Bad body image days. You know what I’m talking about. Those days when you wake up, glance in the mirror, and that mean girl/guy voice immediately whispers, neigh, hisses “not good enough” in your ear. Those types of days when you decide that the voice is right, and you make the choice to launch into what I affectionately refer to as “the mental terrorist scan of doom.” This is that scenario when you find yourself staring into your bathroom mirror (or even worse a full length mirror) and picking apart every perceived imperfection with a fine-toothed comb. What does this do for us? Well clearly it makes us feel worse. How does it help? It doesn’t. Not in any way. So why do we do it? And more importantly what spurs on those bad body image thoughts?
I don’t believe there are any simple answers to either of those questions. Sometimes there are clear-cut reasons for the thoughts and sometimes we just wake up with them. Other times it feels like we are absolutely compelled to point out our own flaws and inadequacies. Who needs enemies when we have ourselves?
The good news is there are ways to combat these thoughts. Below you will find ten tips to turning a bad body image day around. Remember, practice makes perfect progress, so using these tricks over and over is the way to become adapt at snapping yourself out of those bad body days.
- Hold up: Pause. Take a Step Back. Breathe. Take a few moments to think and breathe before your decide to launch into a mental tirade on your appearance. How are you feeling emotionally? Spiritually? Physically? What is going on right now in your life? What would be more beneficial to channel your energy into today?
- Opposite Action: This one is a toughie, but tried and true. Find something on your body that you are thankful for and take a moment or two to thank it! This could mean writing it down, saying it out loud in the mirror, or just saying it to yourself. (I.E. “I am grateful for my legs, because they are strong and take me from point a to point b.” Or “I am thankful for my stomach, because it does it’s job every day for me.”)

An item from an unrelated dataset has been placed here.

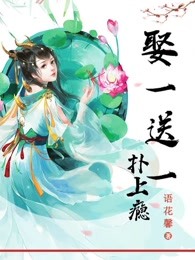 小说娶一赠一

- Distract yourself: Don’t let yourself go down the self-hate path. When you find yourself feeling the bad body vibes, find something else to occupy your mind. Call a friend, pick up a good book, color a picture, knit something, etc. Dig deep into that coping took box and find something to get blissfully lost in.
- Practice self-love: Instead of being mean to yourself, make the choice to practice self-compassion. Remind yourself of your ultimate goal to love and accept yourself. Instead of focusing on your flaws, tell yourself “I am a work in progress.” Repeat to yourself, “I was not put here to be perfect.” Over time you will begin to internalize this self-compassion and it will start to feel more natural.
- Treat yourself like you would a friend: Imagine meeting your best friend for coffee. She walks into the shop, sits down, looks are you in despair and says, “I’m feeling really insecure right now.” Now imagine that you scan her up and down with a critical eye, and then begin to list off all of her imperfections and physical flaws. Sound absurd? That’s because it is! We would never keep friends if we talked to them like we talk to ourselves. Make a commitment to begin responding to yourself like you would a good friend. You deserve as just as much kindness and love as you give to others.
- Focus on the internal: When your attention becomes negatively fixated on the external, make it a point to consider what really matters-the internal. Write down a list of all the positive attributes about yourself that don’t have to do with appearance or weight. Put this list somewhere easily accessible, and look at it whenever you need to remind yourself of your dreams, kind heart, intelligence, humor, etc. (i.e. the things that truly define us).
- Challenge the negative: Write down the negative thoughts about your appearance that you are having. Now write down positive counter arguments to these statements. Even if it feels disingenuine, writing down the counter arguments allows us to begin the process of changing our thoughts. Change your thoughts, change your life.
- Self-Care: Do something nice for yourself. Take a bubble bath, get a pedicure, watch your favorite movie. Distract yourself from the negative thoughts by treating yourself with extra kindness. Each time you choose one of these self-soothing activities over abusing your body you move one step closer to self-acceptance.
- Remind yourself of how much more you are than a body: A scale measures your gravitational pull towards earth. That is all. You are so, so much more than a number. You are your ambitions, your bravery, your triumph over adversity. You are your dreams, your passions, your soul. You are a living, breathing miracle. You are you!
- Write it down: Write down the negative thoughts. Take a moment to look at them. Now put them into a box on your dresser, close the lid, and walk out the door. Alternatively, if you are feeling particularly sassy, rip the piece of paper up and toss the pieces into the garbage. By doing this you are taking the power back from the thoughts and reclaiming it as your own. You are shutting the thoughts down before they have a chance to ruin your day.
You have the power to choose self-love, even on a bad body image day. Even though it may feel hard initially, over time these techniques will get easier and easier to use. So next time your feel those mean girl/guy thoughts creeping in, try one of these ideas! What do you have to lose? You have probably already tried being nasty to yourself and it has kept you stuck. Give being your own friend a try. You can do it!